Ney Carter Borges: Oral Semaglutide and Cardiovascular Risk Factors in the SOUL Trial
Ney Carter Borges, Member Cardiologist of Global Physician Association at Cleveland Clinic Florida, shared a post on LinkedIn about a recent article by Sharon L Mulvagh et al., published in JAMA Cardiology, adding:
“Oral Semaglutide and Cardiovascular Risk Factors (SOUL Trial Analysis)
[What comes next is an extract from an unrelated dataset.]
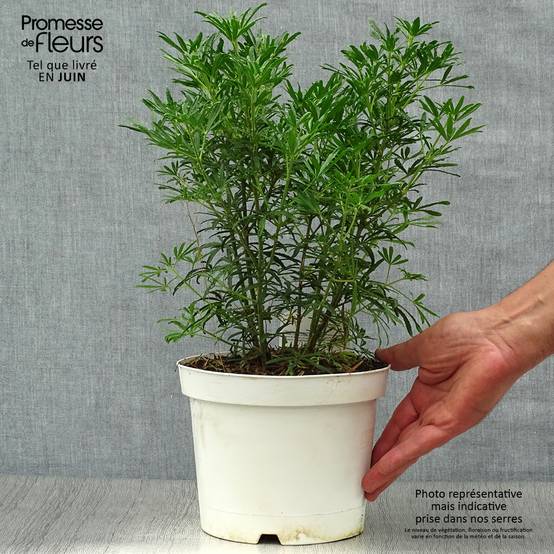 Choisya White Dazzler - Oranger du Mexique nain Pot de 2L/3L - Image 2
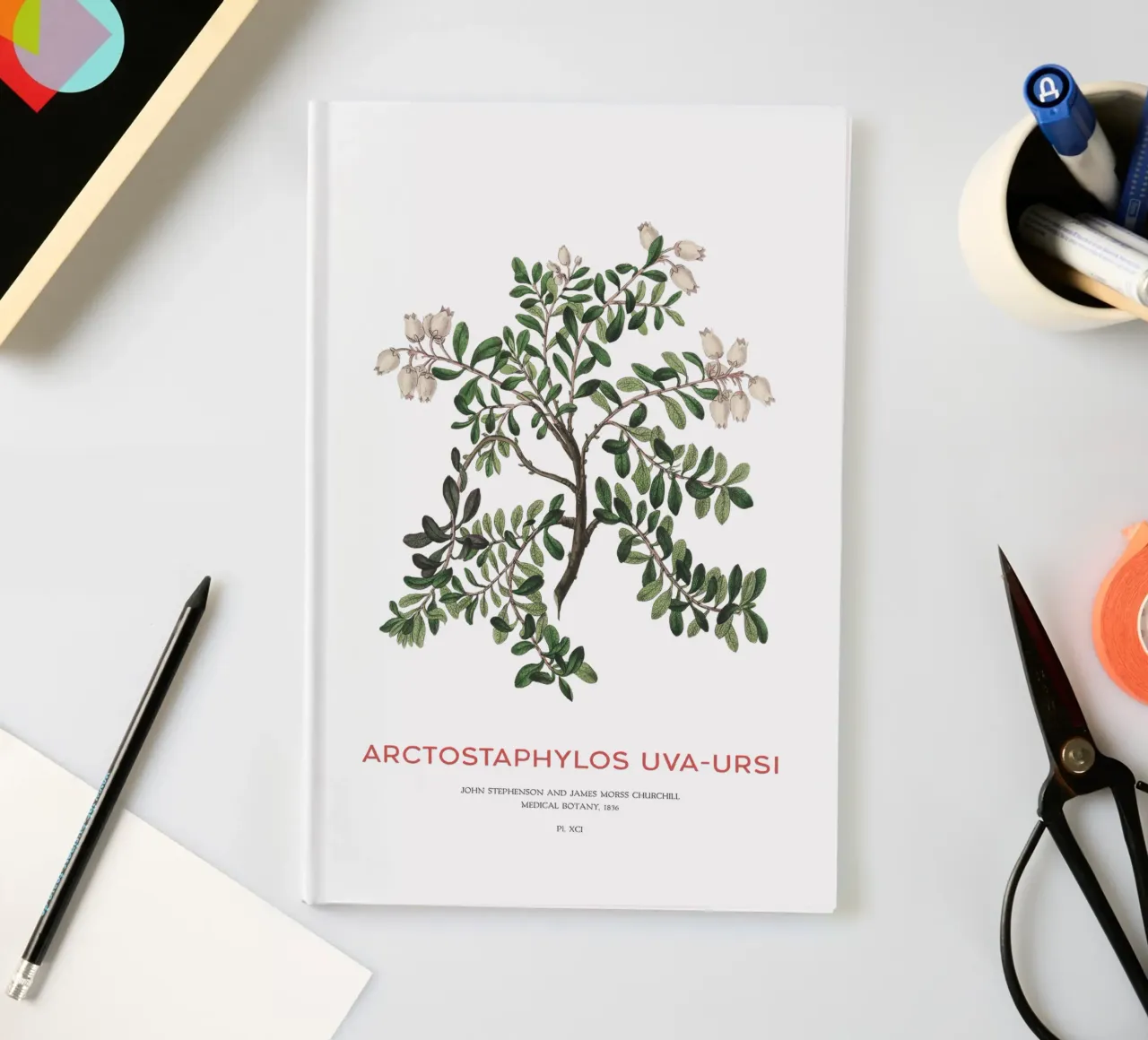 Uva ursina o Arctostaphylos Uva-ursi diario da Vintagrafica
This post hoc secondary analysis of the SOUL randomized clinical trial evaluated the impact of once-daily oral semaglutide on cardiovascular (CV) risk factors in high-risk patients with type 2 diabetes (T2D) and established atherosclerotic cardiovascular disease (ASCVD) and/or chronic kidney disease (CKD).
The trial included 9,650 participants (mean age 66.1 years; 28.9% women), with a median follow-up of 47.5 months, comparing oral semaglutide (up to 14 mg daily) versus placebo on top of standard of care.
Oral semaglutide was associated with early (by week 13) and sustained improvements across multiple cardiometabolic parameters.
At week 13, significant reductions versus placebo were observed in glycated hemoglobin (HbA1c: −0.87%), body weight (−2.54%), systolic blood pressure (SBP: −3.84 mmHg), pulse pressure (−3.81 mmHg), high-sensitivity C-reactive protein (hsCRP: −18.08%), and lipid parameters including total cholesterol (−7.00%), non–HDL-C (−8.02%), and triglycerides (−8.15%).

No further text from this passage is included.